**What to work on**.
Starting with the line with "Peanut Butter Caramel Mini Cheesecakes" in the entries below and going on through the line with "RENAULT 39 10", output every line exactly and nothing more. No pictures.

□ □ □ □

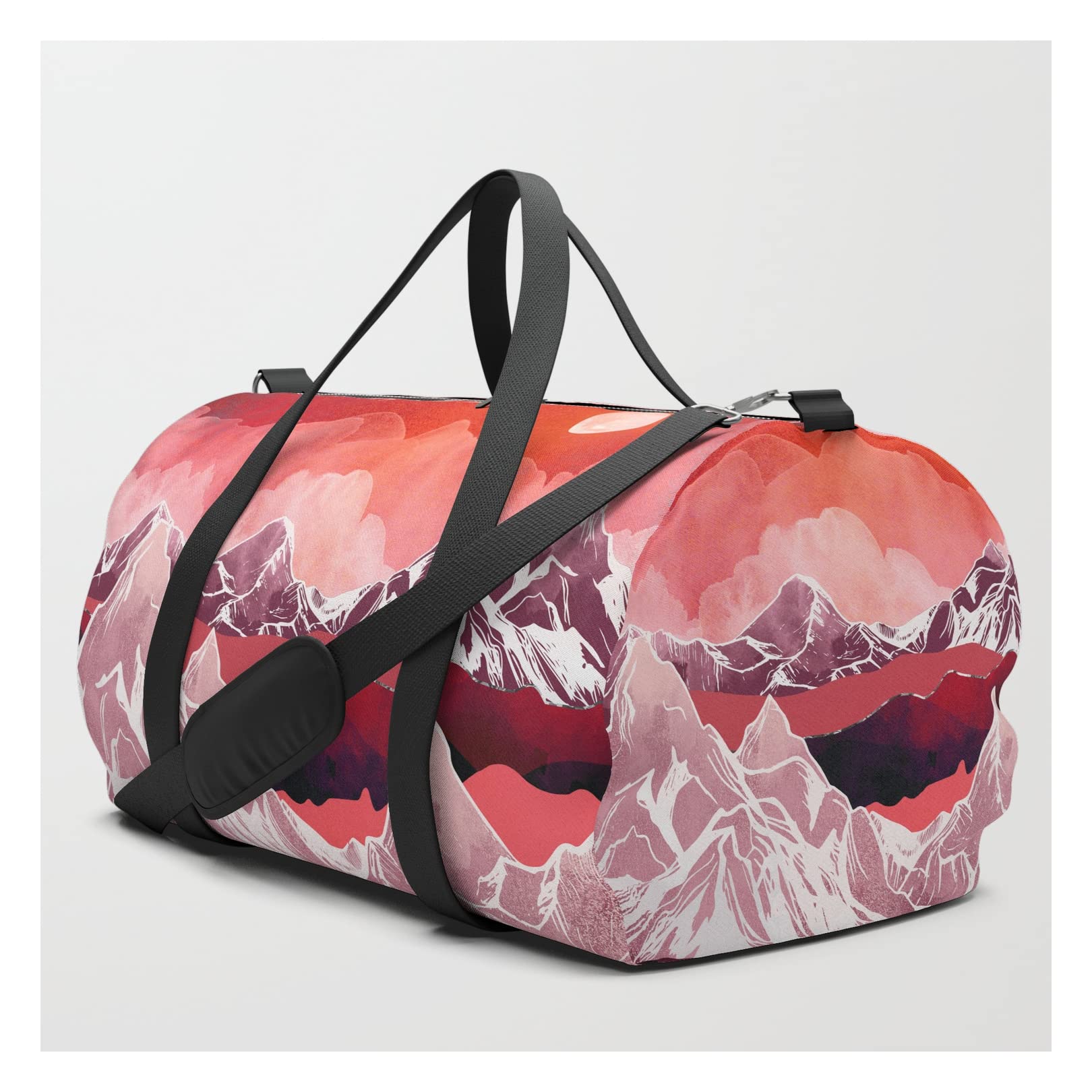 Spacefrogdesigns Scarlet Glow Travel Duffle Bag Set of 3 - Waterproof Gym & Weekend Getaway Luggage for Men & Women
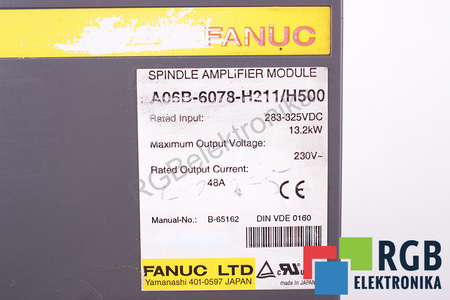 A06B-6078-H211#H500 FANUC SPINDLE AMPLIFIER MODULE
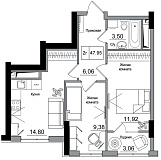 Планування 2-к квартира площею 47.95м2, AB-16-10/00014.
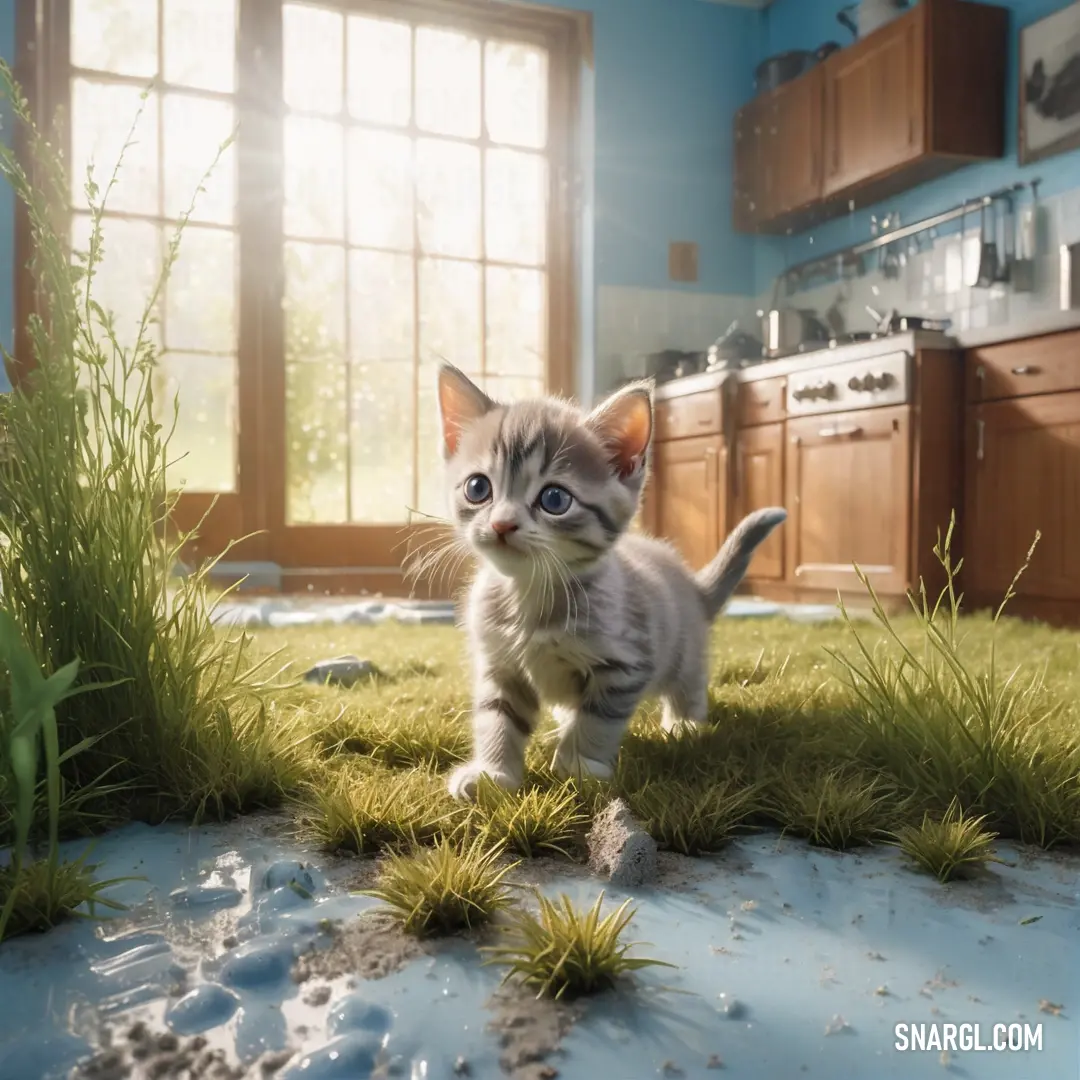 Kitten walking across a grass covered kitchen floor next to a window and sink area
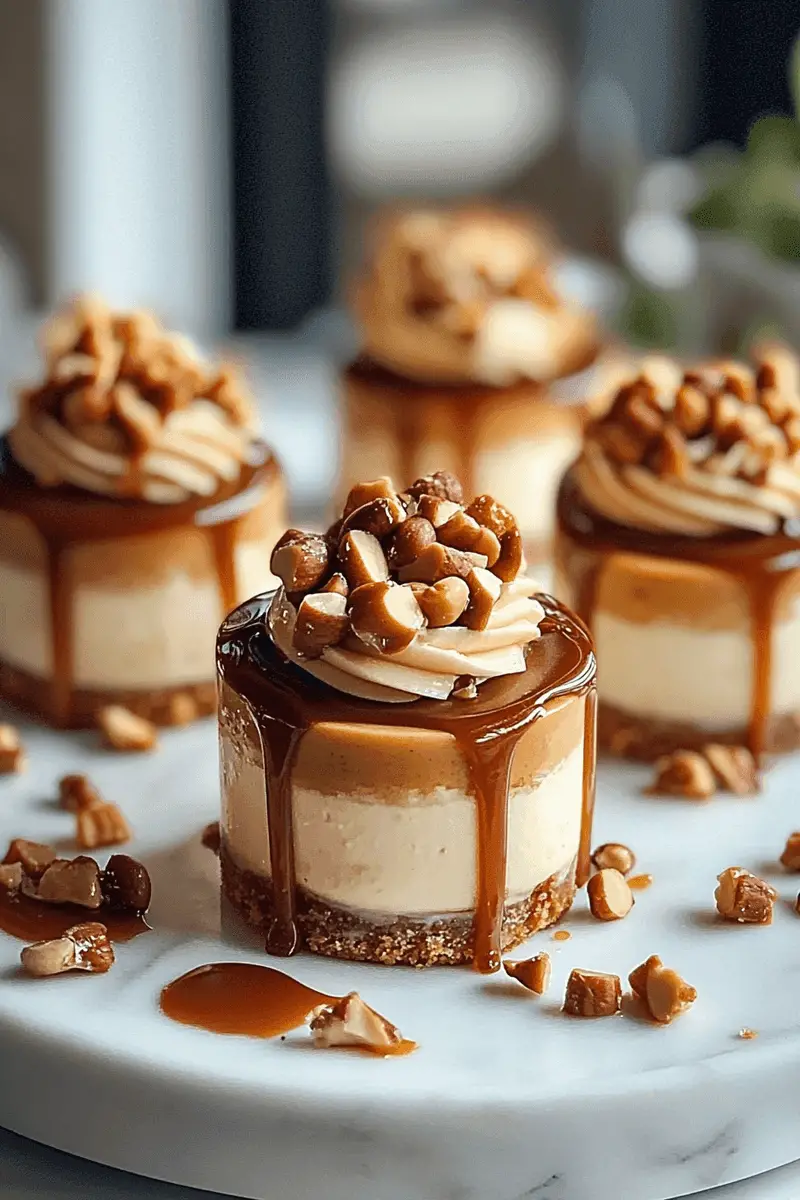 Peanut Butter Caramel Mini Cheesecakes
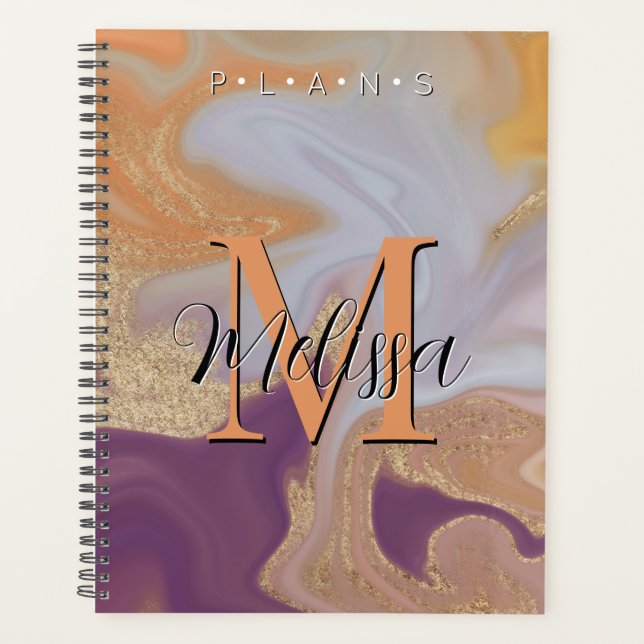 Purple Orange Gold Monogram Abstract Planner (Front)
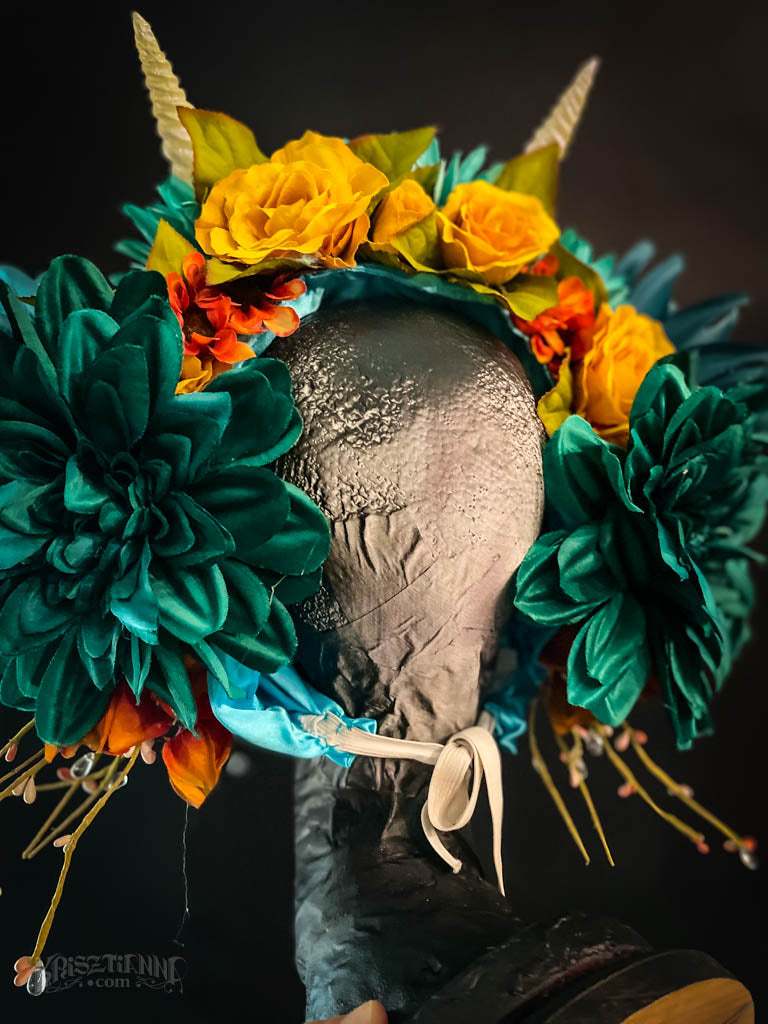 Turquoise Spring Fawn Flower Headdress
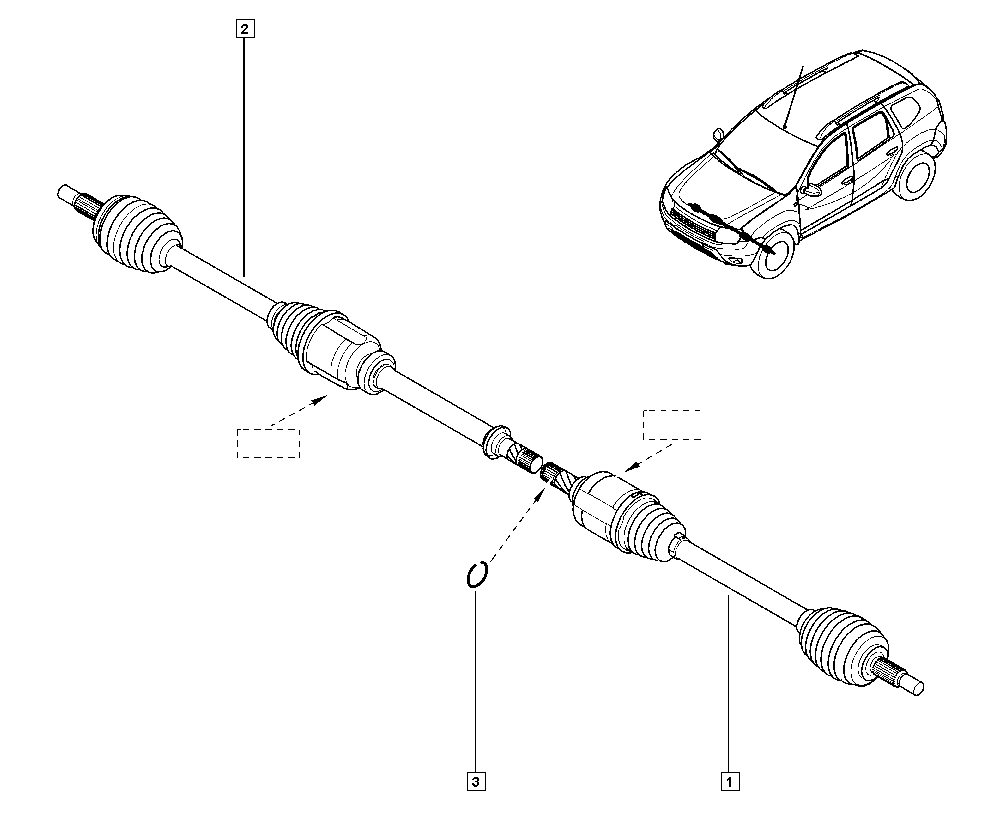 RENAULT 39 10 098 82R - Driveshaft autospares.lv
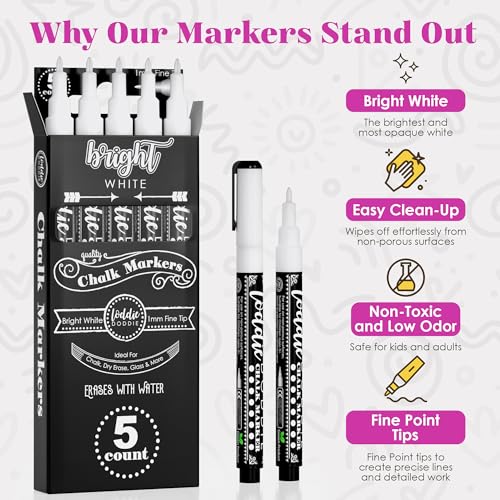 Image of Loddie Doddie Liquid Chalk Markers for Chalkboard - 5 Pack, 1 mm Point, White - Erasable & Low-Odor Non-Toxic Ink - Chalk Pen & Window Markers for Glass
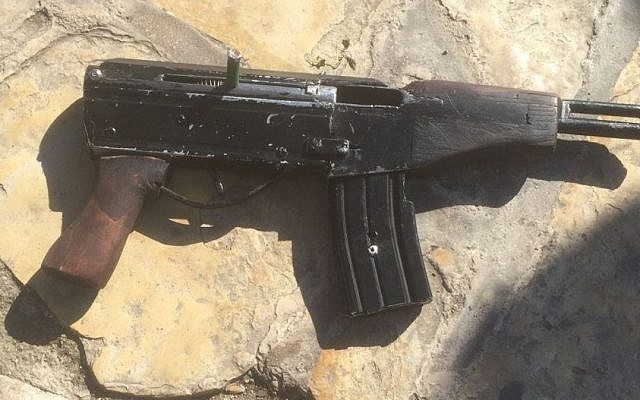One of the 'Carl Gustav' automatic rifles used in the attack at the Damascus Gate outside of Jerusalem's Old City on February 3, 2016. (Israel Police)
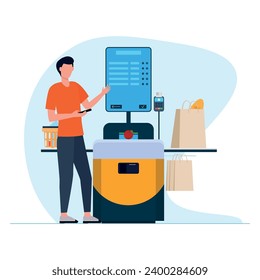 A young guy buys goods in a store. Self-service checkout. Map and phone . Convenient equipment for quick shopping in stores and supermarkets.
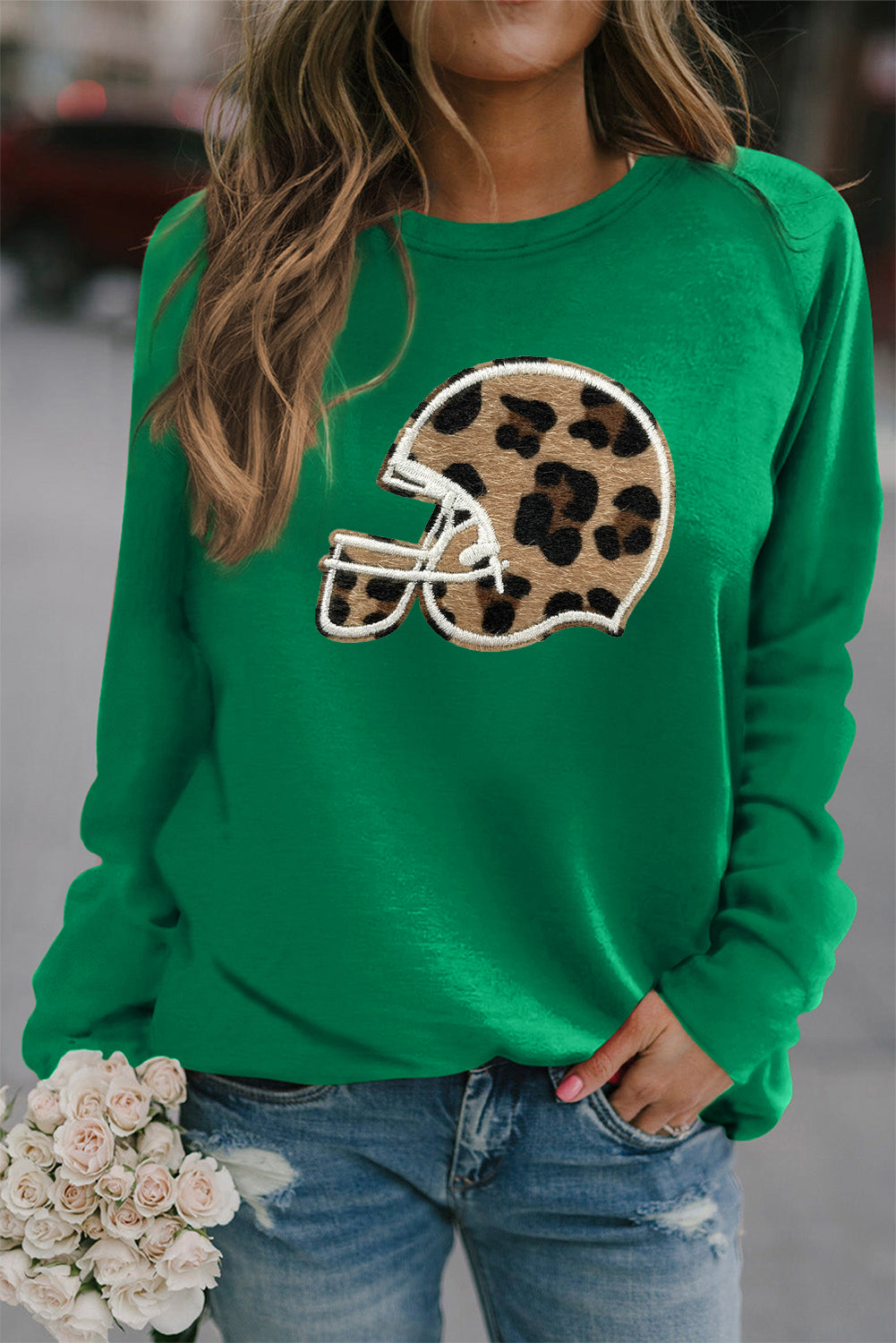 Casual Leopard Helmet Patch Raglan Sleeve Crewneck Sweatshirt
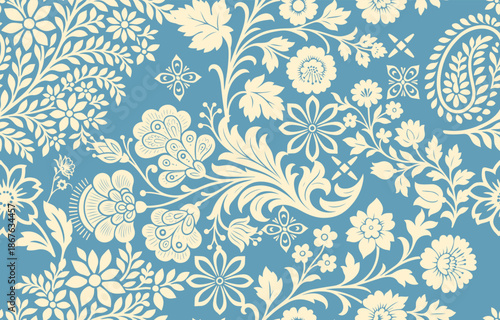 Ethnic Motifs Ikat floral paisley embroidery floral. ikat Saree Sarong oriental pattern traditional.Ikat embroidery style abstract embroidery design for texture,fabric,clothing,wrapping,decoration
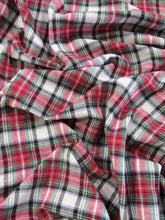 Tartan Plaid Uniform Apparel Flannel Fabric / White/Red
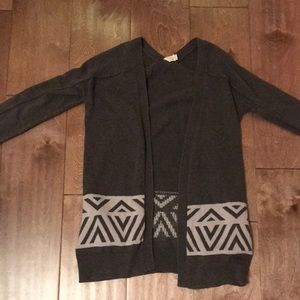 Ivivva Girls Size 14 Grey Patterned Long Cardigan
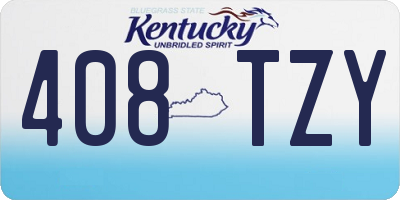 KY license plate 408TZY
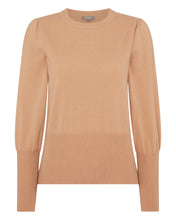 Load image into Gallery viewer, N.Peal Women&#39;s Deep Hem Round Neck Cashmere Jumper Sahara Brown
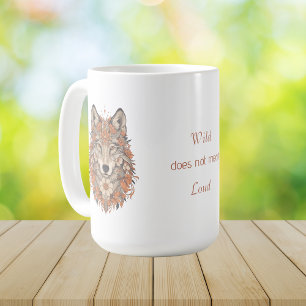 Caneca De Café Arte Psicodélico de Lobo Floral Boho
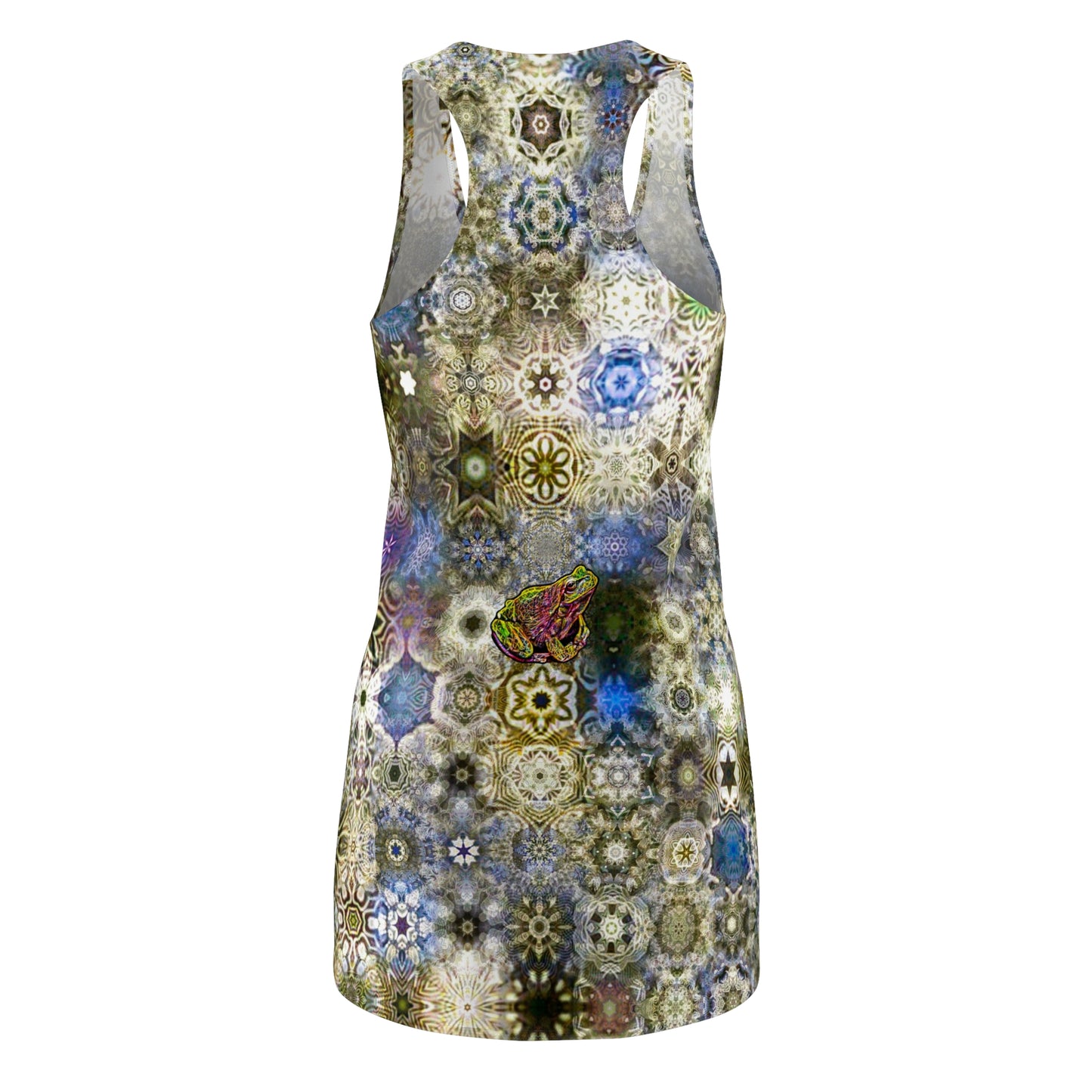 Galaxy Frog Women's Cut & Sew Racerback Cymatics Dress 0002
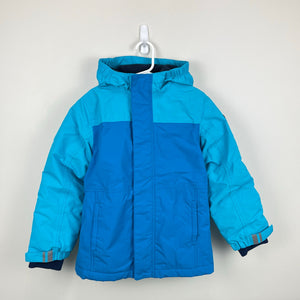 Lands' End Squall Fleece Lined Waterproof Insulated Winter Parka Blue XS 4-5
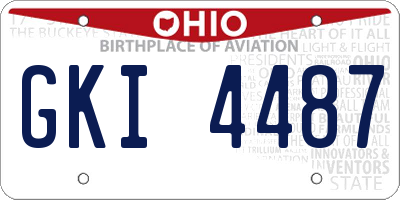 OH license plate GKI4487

□ □ □ □

**Answer below**.
 Peanut Butter Caramel Mini Cheesecakes
 Purple Orange Gold Monogram Abstract Planner (Front)
 Turquoise Spring Fawn Flower Headdress
 RENAULT 39 10 098 82R - Driveshaft autospares.lv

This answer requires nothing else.